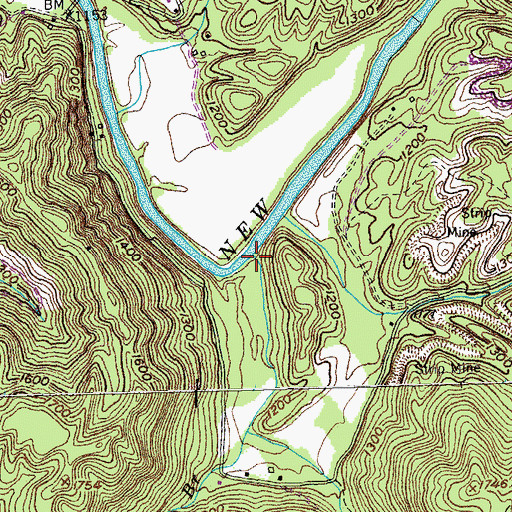 Topographic Map of Cave Branch, TN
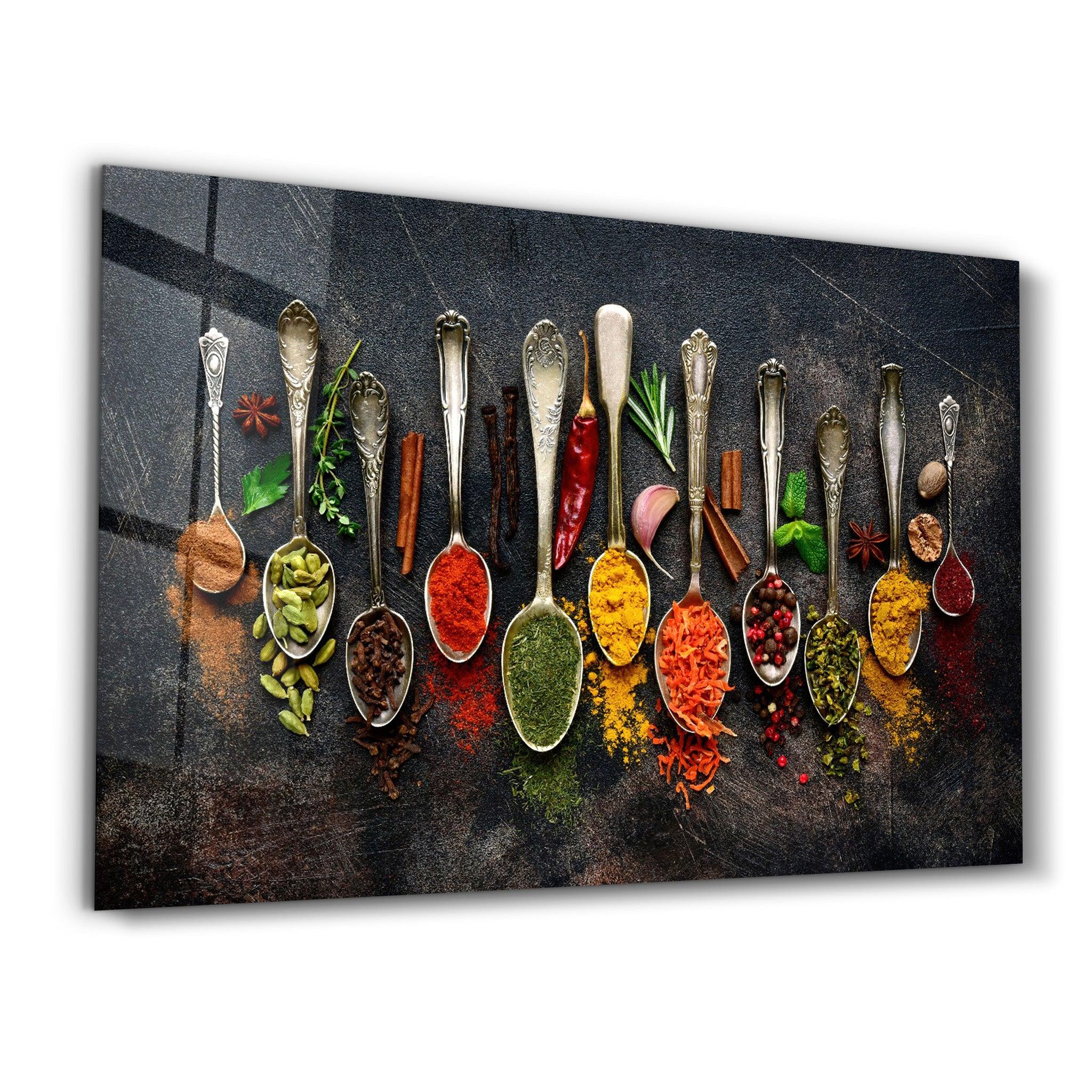 Indian Spices | Glass Wall Art - Artdesigna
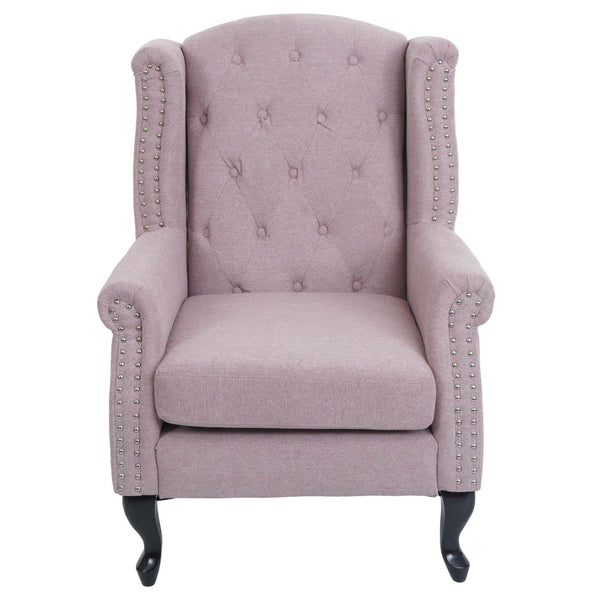 Sessel Chesterfield Relaxsessel Ohrensessel wasserabweisend hellrosa mit Ottomane
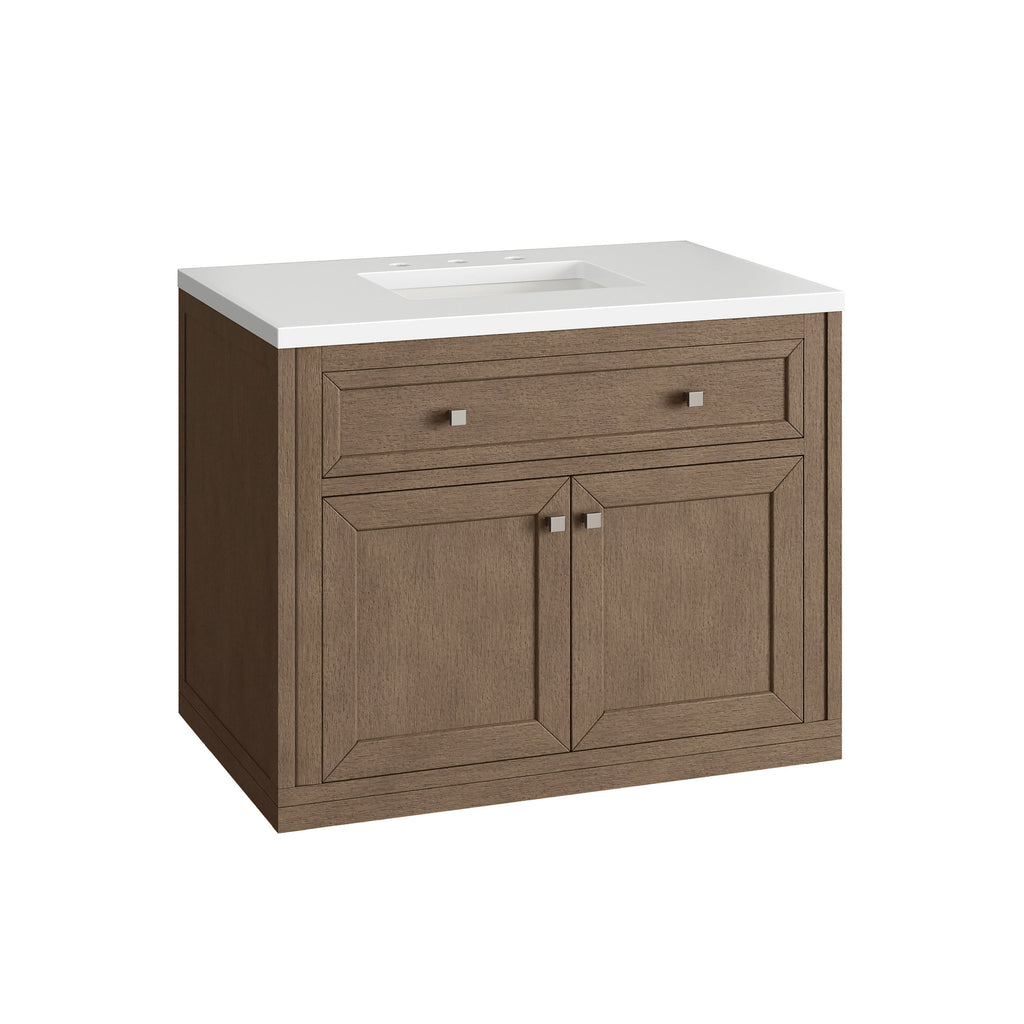 Whitewashed Walnut / White Zeus - 3 Faucet Holes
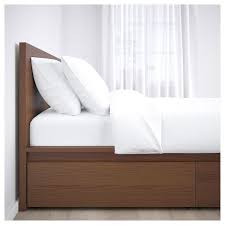 Malm Bedframe Hoog Met 2 Bedlades Bruin Gelazuurd Essenfineer Luroy 140x200 Cm Ikea High Bed Frame Malm Bed Frame Bed Frame With Storage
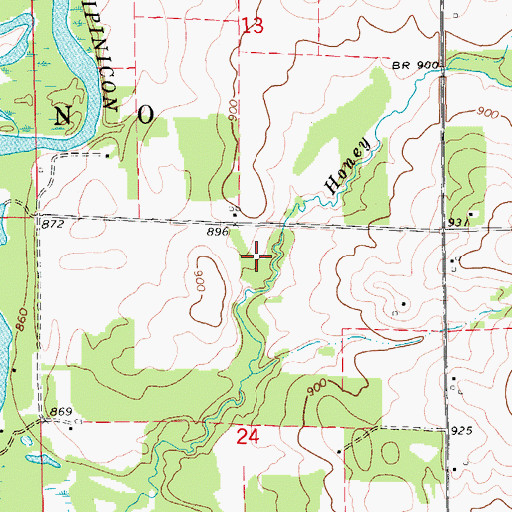 Topographic Map of Hoover Wildlife Area, IA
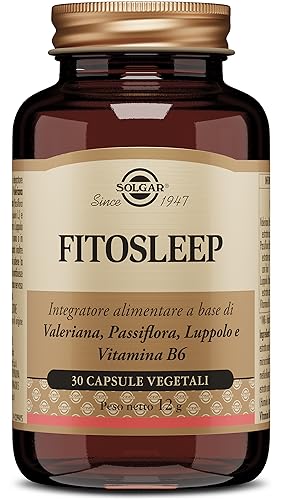 Solgar FITOSLEEP, 30 capsule vegetali – Valeriana, Passiflora, Luppolo + Vitamina B6 – rilassamento e sonno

* [WHAT YOU SHOULD DO]: Copy the preceding data in full and word for word, dropping its pictures.

* [RESULT FOR THIS EXERCISE]:
 Topographic Map of Cave Branch, TN
 Indian Spices | Glass Wall Art - Artdesigna
 Sessel Chesterfield Relaxsessel Ohrensessel wasserabweisend hellrosa mit Ottomane
 Whitewashed Walnut / White Zeus - 3 Faucet Holes
 Malm Bedframe Hoog Met 2 Bedlades Bruin Gelazuurd Essenfineer Luroy 140x200 Cm Ikea High Bed Frame Malm Bed Frame Bed Frame With Storage
 Topographic Map of Hoover Wildlife Area, IA
 Solgar FITOSLEEP, 30 capsule vegetali – Valeriana, Passiflora, Luppolo + Vitamina B6 – rilassamento e sonno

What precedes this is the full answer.